El Servicio Meteorológico Nacional estadounidense (NWS) afirmó que una tormenta significativa podría generar más nevadas intensas en el sureste del país, debido a vientos polares que se precipitarán desde las Grandes Llanuras del Norte a través del Medio Oeste y hasta la Costa del Golfo.
Científicos sugieren que la tormenta está relacionada con una alteración del vórtice polar, una masa de aire frío que usualmente circula por arriba del polo norte. El cambio climático, según algunos expertos, podría estar empeorando la situación.
Las temperaturas mínimas podrían batir récords, especialmente en Florida, señaló el NWS, que advirtió sobre el impacto en las poblaciones más vulnerables y de la industria agrícola.
El nuevo frente frío llega días después de una gran tormenta invernal que, según balances oficiales y de medios locales, causó la muerte de más de 100 personas, al cubrir con nieve y lluvia helada territorios desde Nuevo México (suroeste) hasta Maine (noreste).
En el sur de Estados Unidos, cientos de miles de clientes seguían sin electricidad el jueves, según poweroutage.us, con Tennessee, Misisipi y Luisiana como los estados más afectados.
Mientras tanto, millones seguían excavando para despejar la nieve endurecida en las calles. En Nueva York, excavadoras cargaban montones de nieve en remolques naranjas humeantes conocidos como "tinas calientes", que envían el agua derretida al sistema de alcantarillado de la ciudad.

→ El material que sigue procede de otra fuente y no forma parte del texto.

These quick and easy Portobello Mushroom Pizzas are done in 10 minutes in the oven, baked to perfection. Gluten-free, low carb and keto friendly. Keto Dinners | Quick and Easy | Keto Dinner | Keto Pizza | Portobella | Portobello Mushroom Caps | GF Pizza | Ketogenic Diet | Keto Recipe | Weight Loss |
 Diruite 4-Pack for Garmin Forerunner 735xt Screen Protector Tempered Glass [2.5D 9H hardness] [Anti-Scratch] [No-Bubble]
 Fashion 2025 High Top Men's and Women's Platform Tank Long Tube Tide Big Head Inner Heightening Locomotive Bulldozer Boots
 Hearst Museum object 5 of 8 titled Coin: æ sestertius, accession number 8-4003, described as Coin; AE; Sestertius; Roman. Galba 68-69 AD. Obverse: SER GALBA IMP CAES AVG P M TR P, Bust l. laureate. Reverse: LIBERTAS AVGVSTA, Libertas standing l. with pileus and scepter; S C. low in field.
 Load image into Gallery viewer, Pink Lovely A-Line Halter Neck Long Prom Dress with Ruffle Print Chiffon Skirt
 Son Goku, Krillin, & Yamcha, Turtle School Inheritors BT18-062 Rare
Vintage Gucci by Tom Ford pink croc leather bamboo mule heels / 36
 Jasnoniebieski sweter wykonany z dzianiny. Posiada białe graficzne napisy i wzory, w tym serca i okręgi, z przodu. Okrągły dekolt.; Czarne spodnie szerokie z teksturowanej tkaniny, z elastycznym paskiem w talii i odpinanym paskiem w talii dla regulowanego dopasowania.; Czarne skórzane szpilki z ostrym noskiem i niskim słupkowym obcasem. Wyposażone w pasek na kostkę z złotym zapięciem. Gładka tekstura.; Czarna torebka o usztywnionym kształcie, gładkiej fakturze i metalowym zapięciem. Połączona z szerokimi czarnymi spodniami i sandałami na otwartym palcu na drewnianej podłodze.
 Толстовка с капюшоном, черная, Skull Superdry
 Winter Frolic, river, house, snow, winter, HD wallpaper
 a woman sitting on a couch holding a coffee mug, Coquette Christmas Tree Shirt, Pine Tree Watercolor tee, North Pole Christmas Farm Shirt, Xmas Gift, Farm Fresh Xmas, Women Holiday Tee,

Por su parte, los residentes de Washington han criticado fuertemente la respuesta oficial, ya que numerosas calles seguían cubiertas, con nieve acumulada en los cruces de carretera. Las escuelas permanecieron cerradas durante tres días después que la tormenta pasó.
Investigadores señalan que estas perturbaciones podrían deberse al calentamiento relativamente rápido del Ártico, que debilita el cinturón de vientos que suele mantener la atmósfera sobre la zona polar aislada de Norteamérica.